Any consensus for a default manager for bhyve(8)? It looks like iohyve has a small following and is currently in development from the sysutils/iocage community. Will bhyve have it's own built-in front-end for management like, for instance, pkg(8)? I'm looking to bhyve but I don't know where to start unfortunately. I watched Allan Jude's tutorial; it's scary.. and not easy. lol


----------



## usdmatt (Aug 23, 2015)

I don't know what the end goal is for the bhyve command itself. I always wanted to be able to just run `bhyve start|stop|etc vmname`, and just have a config file for each vm containing everything needed to run the machine just like most other hypervisors. Having worked on my own frontend for a while now, I'm starting to wonder if it makes sense for bhyve to stay more or less as it is (as the 'backend' that most users don't touch), and for users to choose a separate frontend - There's a lot more to running machines than just starting and stopping them (networking, configuring console access, etc). I do expect bhyve to get support for reading all the guest device settings from a config file at some point though, rather than passing them all on the command line every time. I believe Allan Jude is involved with that so it might not be too dissimilar from his bhyve-ucl work (If ucl makes it into base).

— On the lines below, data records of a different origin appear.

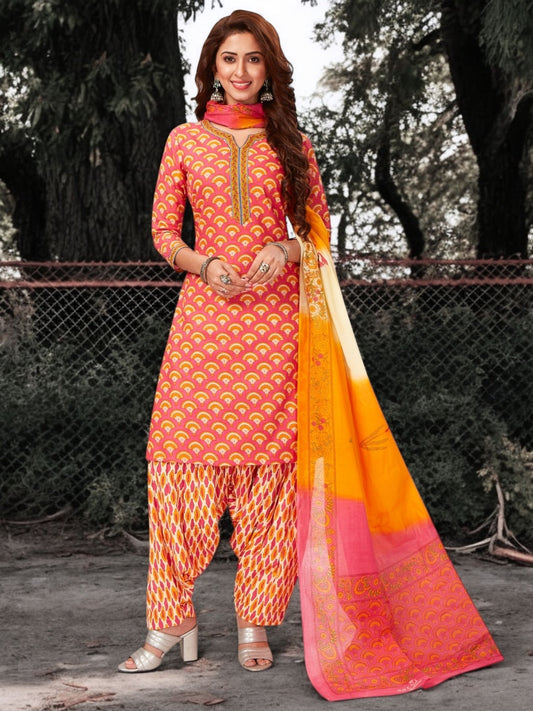 Pink Kurta, Patiala & Dupatta Set | Printed
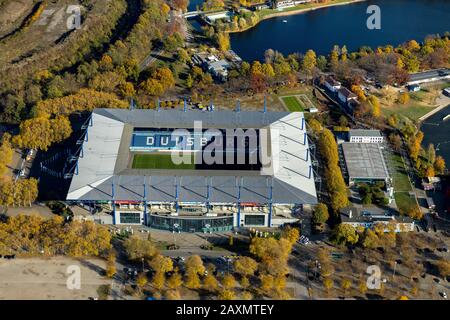 Riprese aeree, Duisburg-Wedau, Wedaupark, Schauinsland Travel Arena, regata traiettoria, nazionale stadio di campionato, stadio di calcio, Wanheimerort, Duisb Foto Stock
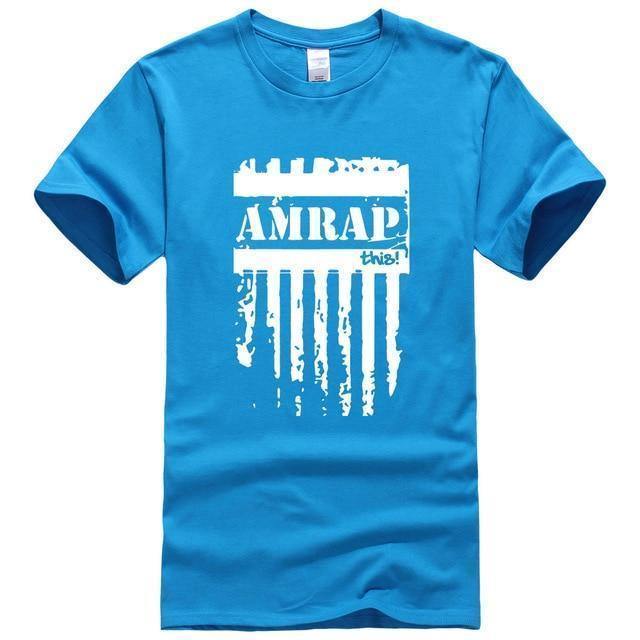 As many reps as possible CrossFit T-shirt light blue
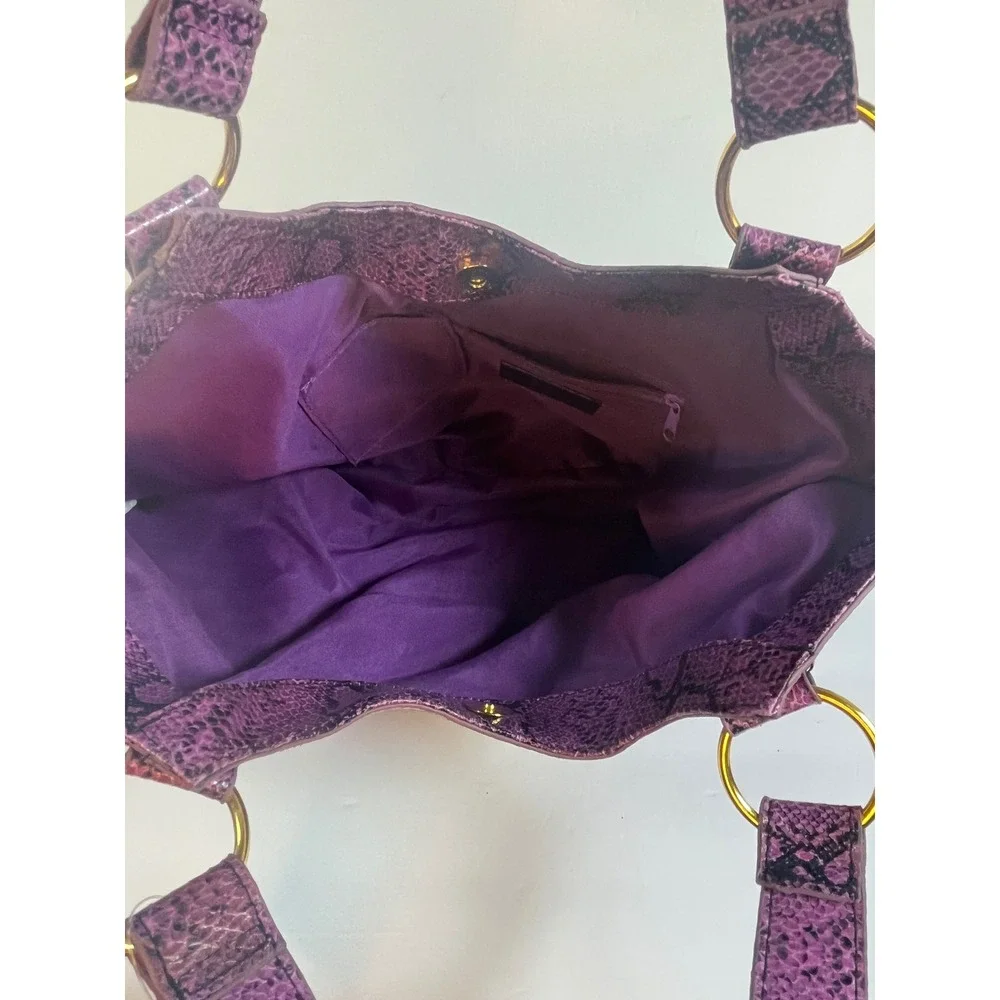Baby Phat Kimora Lee Simmons Purple Snakeskin Hobo Bag Gold Studs Y2K Tote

There are various frontends available at the moment - iohyve, vmrc, bhyve-ucl, vm-bhyve.  My favourite out of those used to be iohyve, until I wrote my own vm-bhyve. I really liked the way iohyve worked, which encouraged me to write my own, but didn't like it being tied to ZFS (I might want to use NFS or UFS-on-iSCSI-on-ZFS at some point - or hell even run bhyve on a system with just plain UFS). I also found the way it handled maintaining and restarting the guests to be a bit pathological. (That's improved recently). iohyve was developed by one guy as far as I can tell, who is now working on a branch of ioCage to build it in so ioCage can do jails or bhyve.

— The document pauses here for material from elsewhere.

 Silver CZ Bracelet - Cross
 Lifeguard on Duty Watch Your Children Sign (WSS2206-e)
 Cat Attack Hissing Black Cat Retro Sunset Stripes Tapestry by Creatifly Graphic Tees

With mine I wanted it to just have a simple config file for each VM (I think config files make more sense for a generic frontend than ZFS properties), and handle at much as possible automatically (tap & console devices are all created dynamically as needed). That's great for 99% of cases, but not as much if you actually want control over how those devices are configured.

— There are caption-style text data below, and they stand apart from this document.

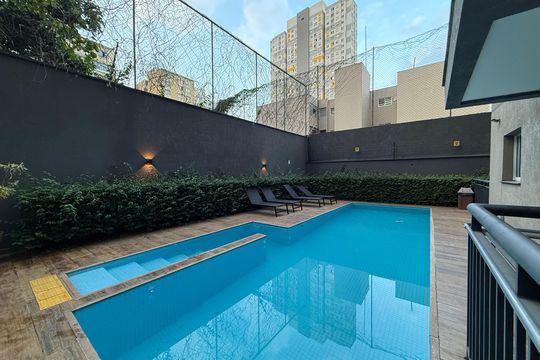 Área comum de kitnet/studio para alugar com 1 quarto, 28m² em Sé, São Paulo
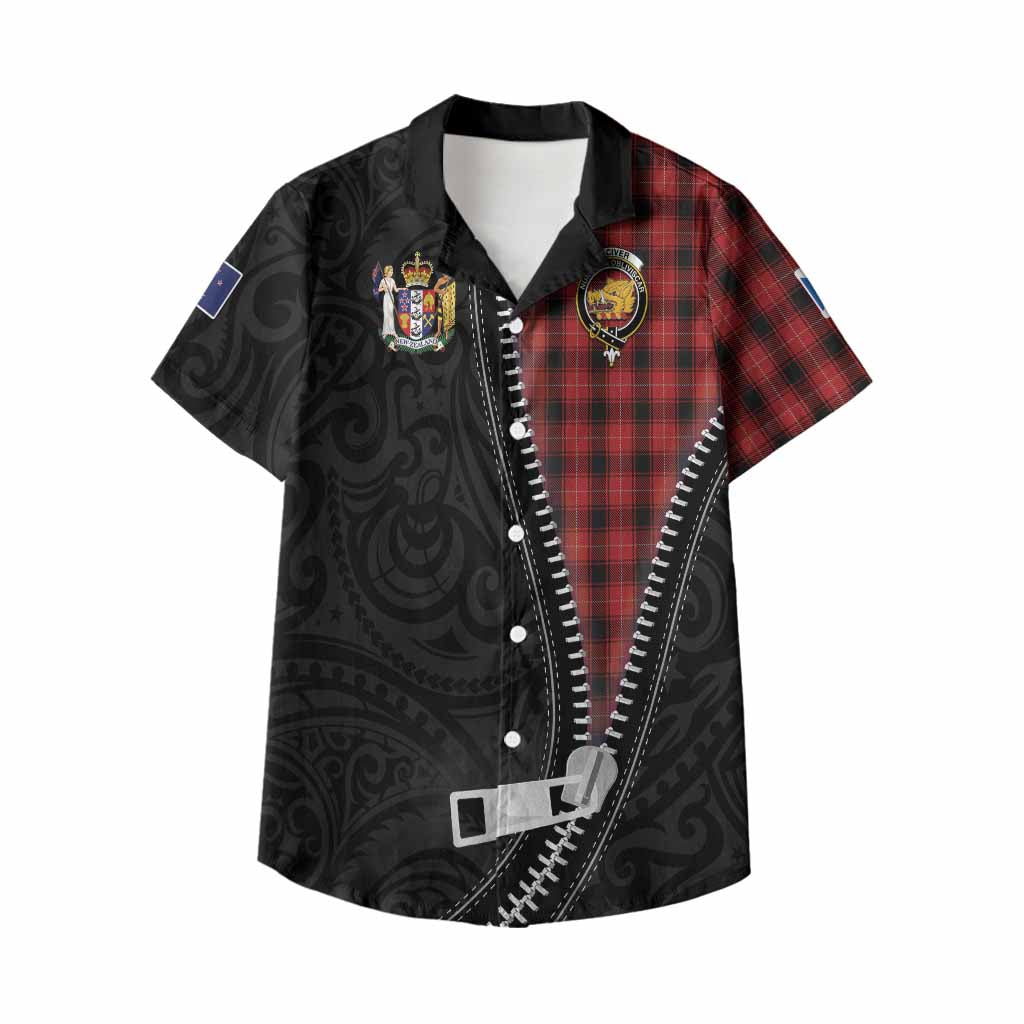 MacIver (McIver) Tartan Kid Hawaiian Shirt New Zealand Pattern Unique Zipper Stylized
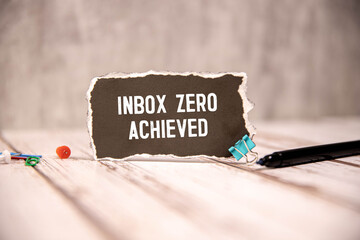 How to achieve inbox zero - image for work, office organizing, productivity hack.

I have no idea whether any of these will make it into base as a standard frontend, or whether the FreeBSD devs will provide one. It may just be that users will choose their own frontend if they don't want to talk directly to bhyve, and download them from ports/pkg. This is similar to jails really - It's not that straight forward to actually make full use of jails by hand, with most users choosing to download iocage/ezjail/etc.


----------



## ondra_knezour (Aug 23, 2015)

Yesterday I came across this on the FreeBSD wiki


> 1. Xinuos has done lots of work on running different OSes on bhyve. Patches are in progress and will arrive in FreeBSD when complete and tested.
> 
> 2. In order to make FreeBSD more usable as a host we need more management tools. Xinuos is working on tools for managing bhyve guests, which will arrive in FreeBSD when complete and tested.


----------



## usdmatt (Aug 23, 2015)

A lot of bhyve users can't wait for that UEFI/OS support work to appear in CURRENT. Several FreeBSD users on twitter have been talking about having it running it for months.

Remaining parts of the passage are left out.